Einhorn’s talk focused on St. Joe’s main development properties, but began drilling into the company’s recent assertions that it will get a big boost from development around the Northwest Florida Beaches International Airport, an airport surrounded by timberland north of Panama City Beach, Fla. St. Joe had given land to help build the airport, Einhorn said.
In a December 2009 press release, the company’s president said: “‘The Southwest Effect,’ the connectivity Southwest brings is expected to stimulate economic development, job growth and real estate absorption in the company’s projects across Northwest Florida. Southwest, with their renowned customer service, is a game changer for the entire region.”
But Einhorn said that of the seven gates at the airport, only one can accommodate the 737 planes flown by Southwest. In addition, he questioned the attractiveness of property owned by St. Joe immediately around the airport and said that St. Joe is now trying to re-lease land it had given to help get the airport built.
The center of his argument that St. Joe has been overvalued is its residential developments. One big issue, Einhorn said, is that St. Joe has already sold many of its best properties – especially those that are beach-front real estate. Many of the properties the firm is carrying on its books are in some cases miles from the beach. Worse, Einhorn said, many of the properties that St. Joe sold are undeveloped lots that are in the hands of land speculators or owned by banks through foreclosure. Thus St. Joe is having to compete against those owners who are selling properties at sharply lower prices than on St. Joe’s books.
For this, Einhorn’s team visited St. Joe’s developments, scoured the property records in Florida and publicly information on the relatively few sales that have been made in recent years. One community is Rivertown, where Einhorn presented a video shot from a car driving down empty streets. At another, Watersound, they visited a golf course, which he said was “deserted.” For Summercamp Beach he showed displayed a picture of an unfinished house.
He described the St. Joe community of Windmark as his “favorite” example. “This is a ghost town,” he said. Not only was the St. Joe property empty, “it seems like everything surrounding Windmark is for sale.”
One his final slides compared the values assigned to properties in three communities by St. Joe - $280.8 million - against Greenlight’s assessment - $38.7 million. “I think that St. Joe and it’s accountants might want to update their calculations,” he said. “They need to take a substantial impairment” against the value of their real estate, he said. Einhorn closed by noting that St. Joe has filed suit for damages caused by the BP oil spill this summer. But St. Joe’s website notes that press releases from downplayed the impact of the oil spill. Pictures on the company’s website show swimmers frolicking in the surf.
Asked where he could go wrong with his call against St. Joe, Einhorn replied “they could discover real oil.”

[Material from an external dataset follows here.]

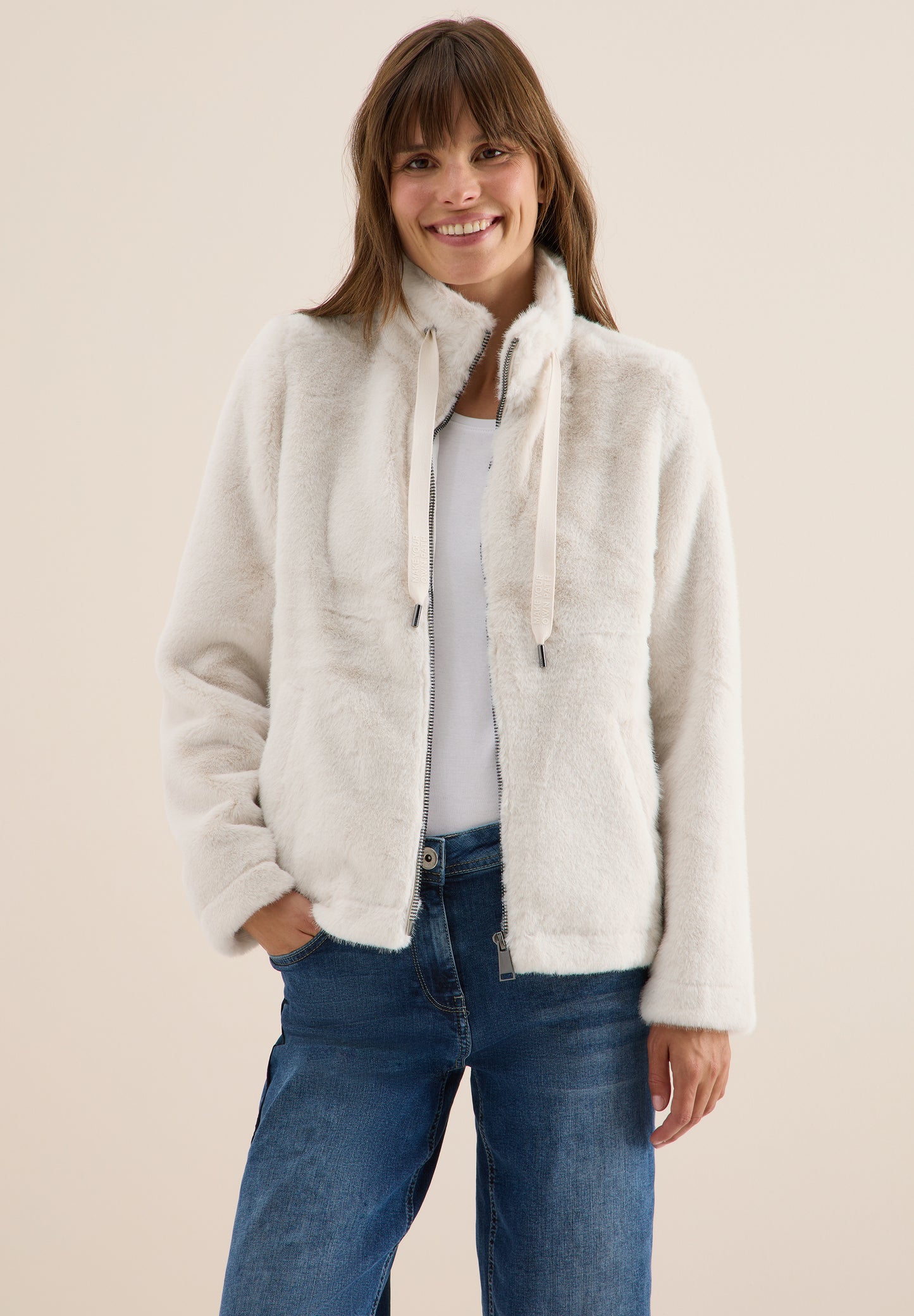 CECIL Kurze Fellimitat Jacke - Farbe: vanilla white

Einhorn says he’s been looking at the stock since 2006 and this summer he contacted Berkowitz to see if he would discuss the company. “I’m waiting for his call,” Einhorn said. Einhorn also said he attempted to contact officials from St. Joe but they would not talk to him.
Note: We’ve put in a request for comment to company representatives and will update this post when/if we get one.
St. Joe offered this prepared response, via email: “It is important to understand that an investment in St. Joe is an investment in a company that has a virtually debt free balance sheet and owns approximately 577,000 acres of land concentrated primarily in Northwest Florida, famous for its miles of sugar white sand beaches. These land holdings include over 400,000 acres within 15 miles of the Gulf of Mexico and approximately 300,000 acres within 40 miles of the new Northwest Florida Beaches International Airport. We continue to focus on the execution of our strategic plan in order to maximize the value of our assets.”